Gann, not Gavin, is responsible for tax relief in California

Published May 25, 2021 12:00am ET



This month, California Gov. Gavin Newsom announced that many Californians will soon receive some tax relief. Specifically, Newsom has promised $600 tax rebates to those earning $30,000 to $75,000. Additionally, households making up to $75,000 with at least one child will receive an extra $500 payment.

Facing a tough recall election this fall, Newsom is certainly eager to use some of the Golden State’s $75 billion surplus to issue rebates to California’s taxpayers. However, the credit for these tax rebates belongs not to Newsom but to the “Gann limit”: a fiscal limit enacted in 1979.
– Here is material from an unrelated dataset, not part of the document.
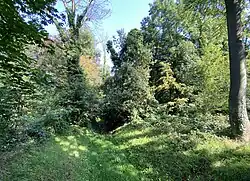 Trockengefallener Graben – Efeu überwuchert Bäume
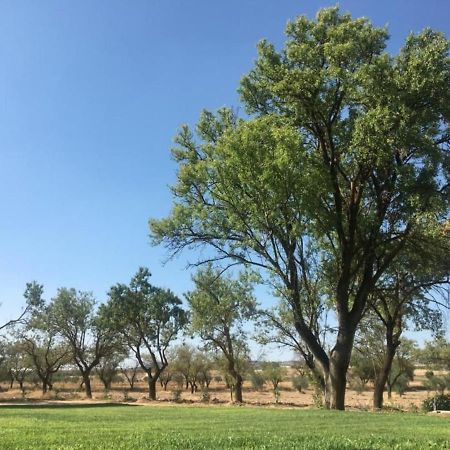 Finca El Relax Colmenar de Oreja Екстериор снимка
During the late 1970s, California was the epicenter of a nationwide tax revolt. In 1978, Californians passed Proposition 13, which both cut and capped property taxes. However, Paul Gann, one of the authors of Proposition 13, also sought to limit the overall size of government. So in 1979, he placed the Gann limit on the ballot, which originally limited the growth of tax revenue appropriations to the inflation rate plus population growth. Importantly, the Gann limit also mandates tax relief when the spending limit is exceeded. On Nov. 6, 1979, the Gann limit was approved by a whopping 74% of California voters.
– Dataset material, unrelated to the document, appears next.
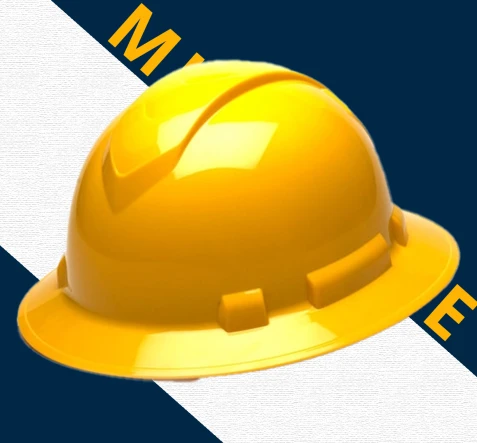 HEAD PROTECTION MSA Topgard Protective Hats 1 1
Admittedly, the Gann limit had some flaws. It only limited appropriations of tax revenue and, as a result, the Legislature responded by raising more revenue from non‐tax sources. Still, the Gann limit proved to be relatively effective at limiting spending growth during the 1980s. From 1980 to 1991, California’s rank in-state per‐​capita expenditures fell from 7th to 16th. Its rank in per‐capita revenues showed a similar decline during the same period. Furthermore, when tax receipts exceeded the Gann limit in 1987, the state refunded $1.1 billion in surplus revenues to taxpayers.

However, the 1987 tax rebate led to the weakening of the Gann limit. The rebate upset education interests who wanted to use part of the surplus to increase K-12 school spending. California’s education lobby responded in 1988 by supporting Proposition 98, which required that public schools receive a share of any revenues that exceeded the Gann limit. Perhaps more importantly, Proposition 98 mandated an annual increase in K-12 education spending in California, even when revenues declined.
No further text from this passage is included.